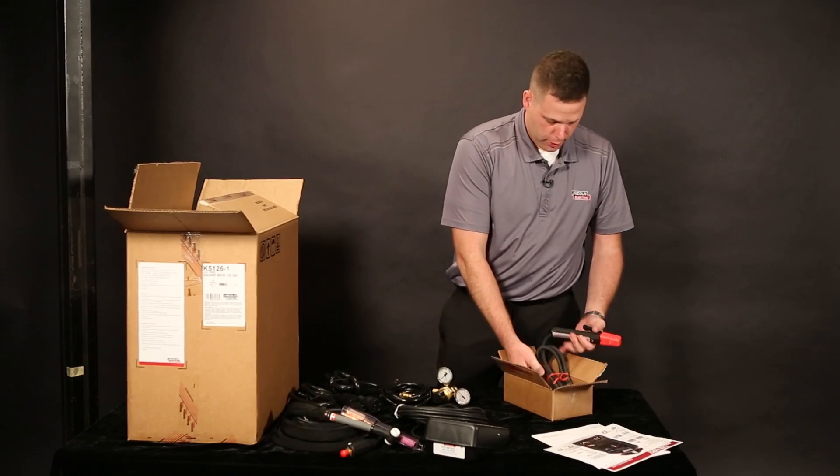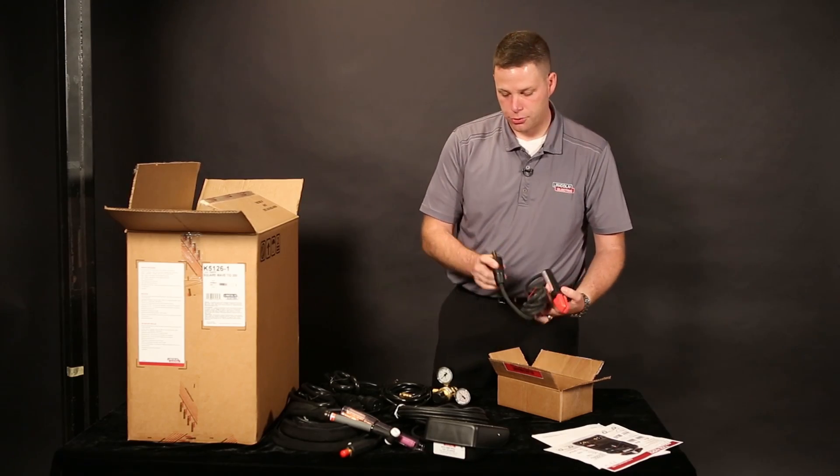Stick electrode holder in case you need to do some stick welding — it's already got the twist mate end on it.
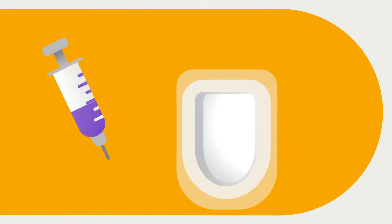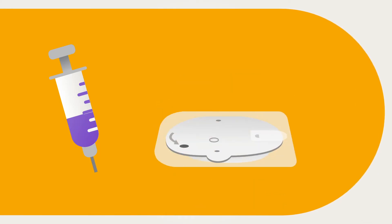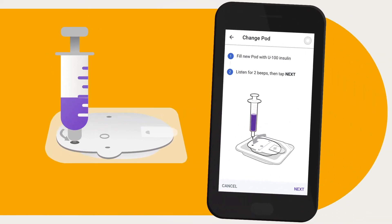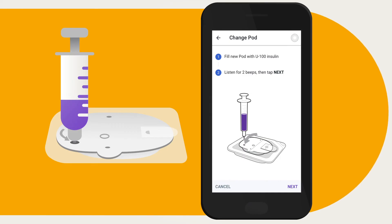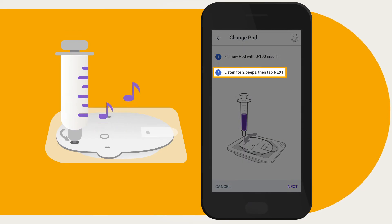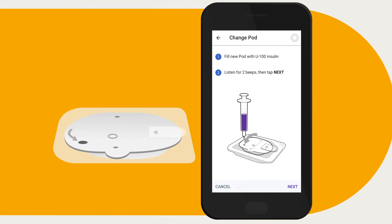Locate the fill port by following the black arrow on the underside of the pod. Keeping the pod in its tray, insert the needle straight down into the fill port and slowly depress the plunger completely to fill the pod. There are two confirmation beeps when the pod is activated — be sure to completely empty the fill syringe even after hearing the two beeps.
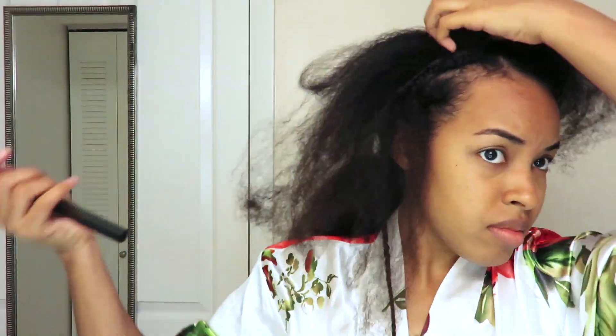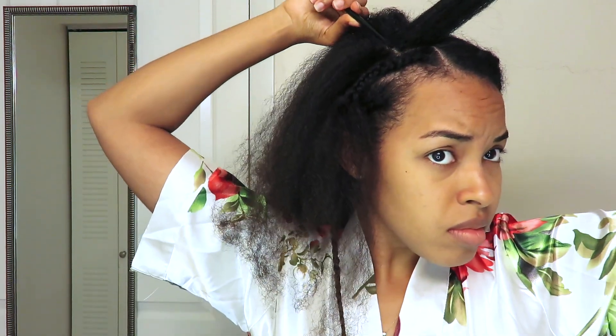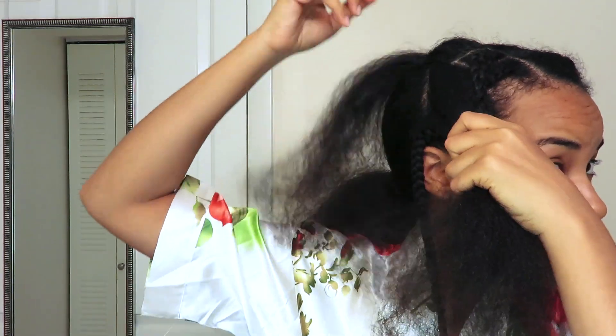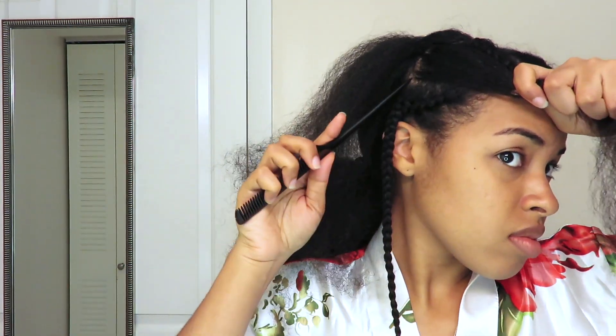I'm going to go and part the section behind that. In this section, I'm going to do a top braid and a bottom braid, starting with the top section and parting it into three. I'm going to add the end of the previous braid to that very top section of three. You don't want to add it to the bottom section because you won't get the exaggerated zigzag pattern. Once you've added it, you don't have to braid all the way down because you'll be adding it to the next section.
|---|
Your objective ▸ Exactly as they appear, transcribe the lines from the top of the material above through the line with "Locate the fill". Omit any picture.

Expected answer ▸
Stick electrode holder in case you need to do some stick welding — it's already got the twist mate end on it.
Locate the fill port by following the black arrow on the underside of the pod. Keeping the pod in its tray, insert the needle straight down into the fill port and slowly depress the plunger completely to fill the pod. There are two confirmation beeps when the pod is activated — be sure to completely empty the fill syringe even after hearing the two beeps.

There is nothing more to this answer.